BRIEF
Every line of the listing below must be printed again exactly, apart from its pictures.

*** Opening of DATASET EXCERPTS ***

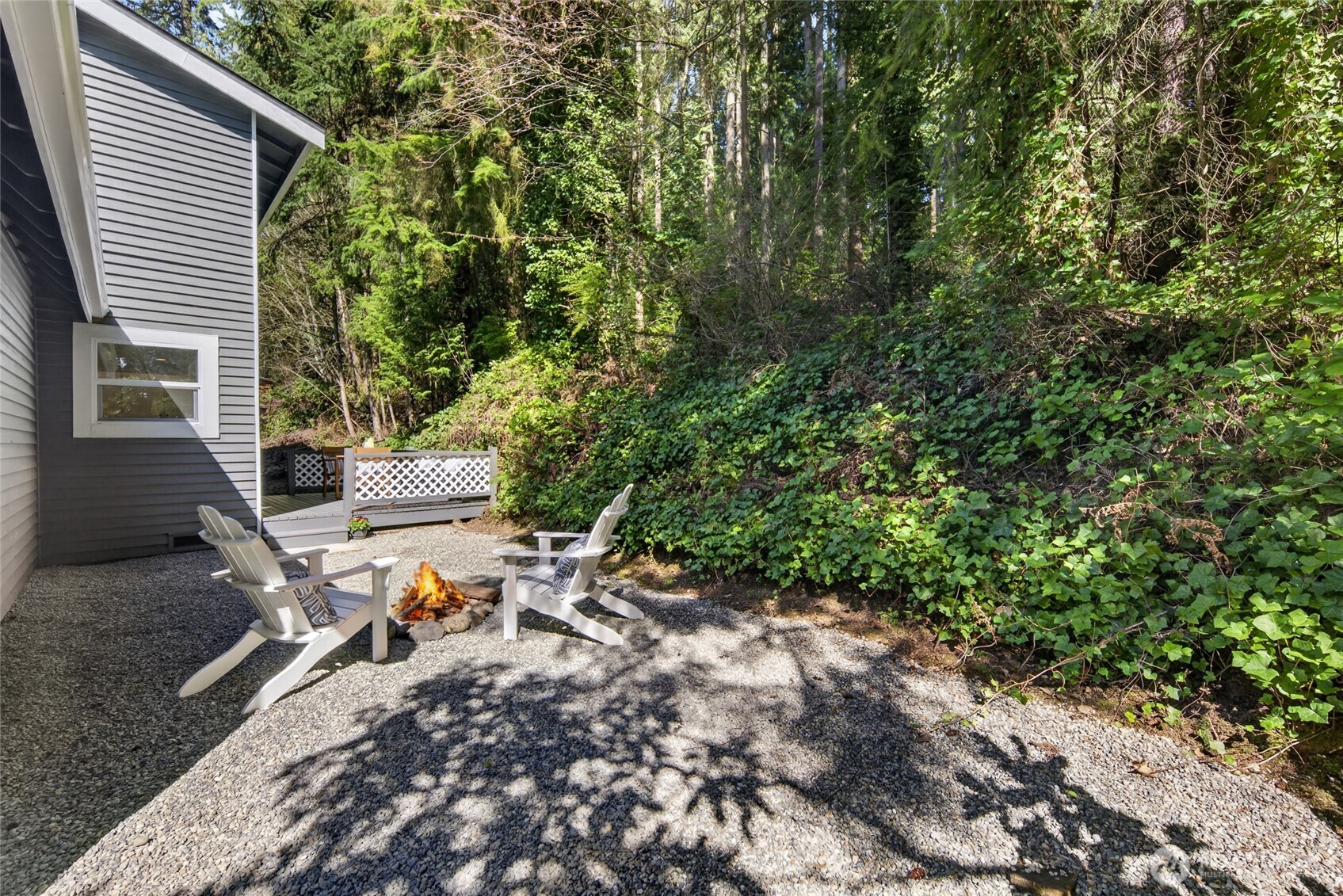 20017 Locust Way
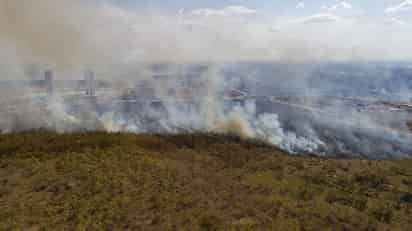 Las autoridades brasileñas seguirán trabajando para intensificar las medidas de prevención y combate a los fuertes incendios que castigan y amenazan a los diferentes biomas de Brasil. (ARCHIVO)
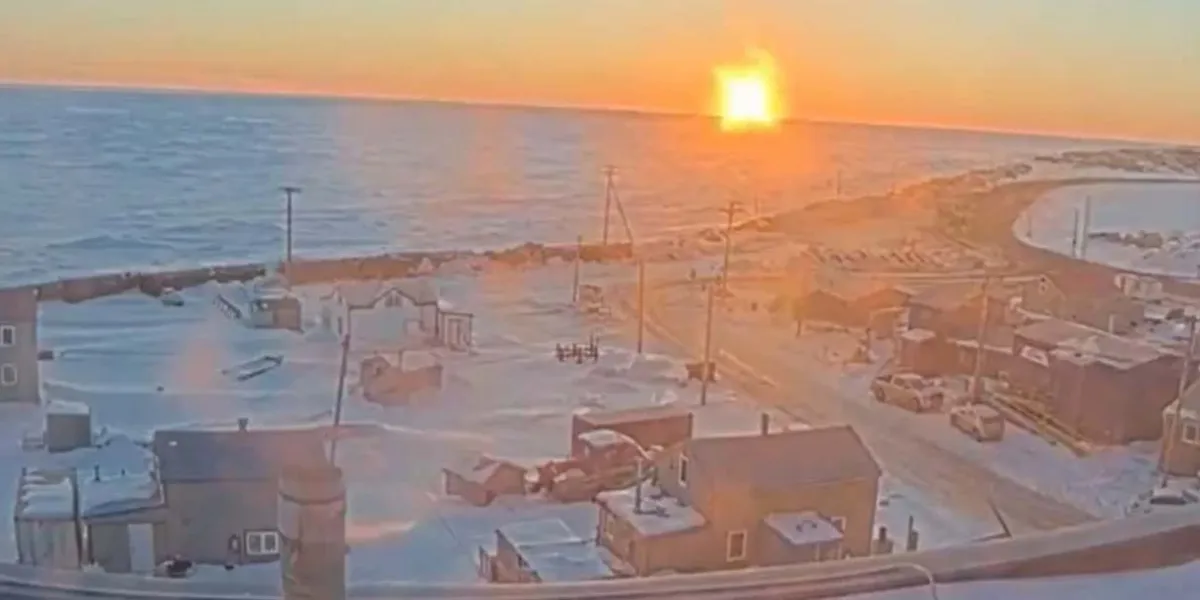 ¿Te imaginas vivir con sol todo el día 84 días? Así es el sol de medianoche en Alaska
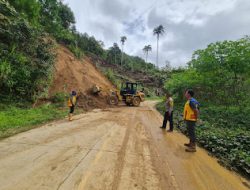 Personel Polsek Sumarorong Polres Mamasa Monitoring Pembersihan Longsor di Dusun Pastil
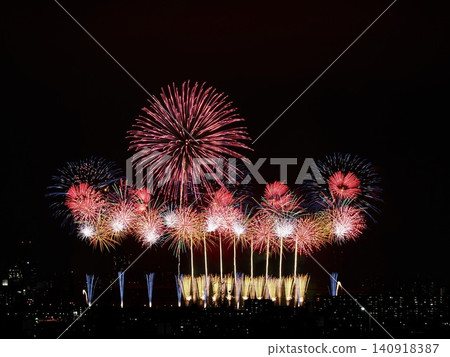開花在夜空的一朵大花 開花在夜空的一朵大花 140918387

*** Close of DATASET EXCERPTS ***

RESULT BELOW
 20017 Locust Way
 Las autoridades brasileñas seguirán trabajando para intensificar las medidas de prevención y combate a los fuertes incendios que castigan y amenazan a los diferentes biomas de Brasil. (ARCHIVO)
 ¿Te imaginas vivir con sol todo el día 84 días? Así es el sol de medianoche en Alaska
 Personel Polsek Sumarorong Polres Mamasa Monitoring Pembersihan Longsor di Dusun Pastil
開花在夜空的一朵大花 開花在夜空的一朵大花 140918387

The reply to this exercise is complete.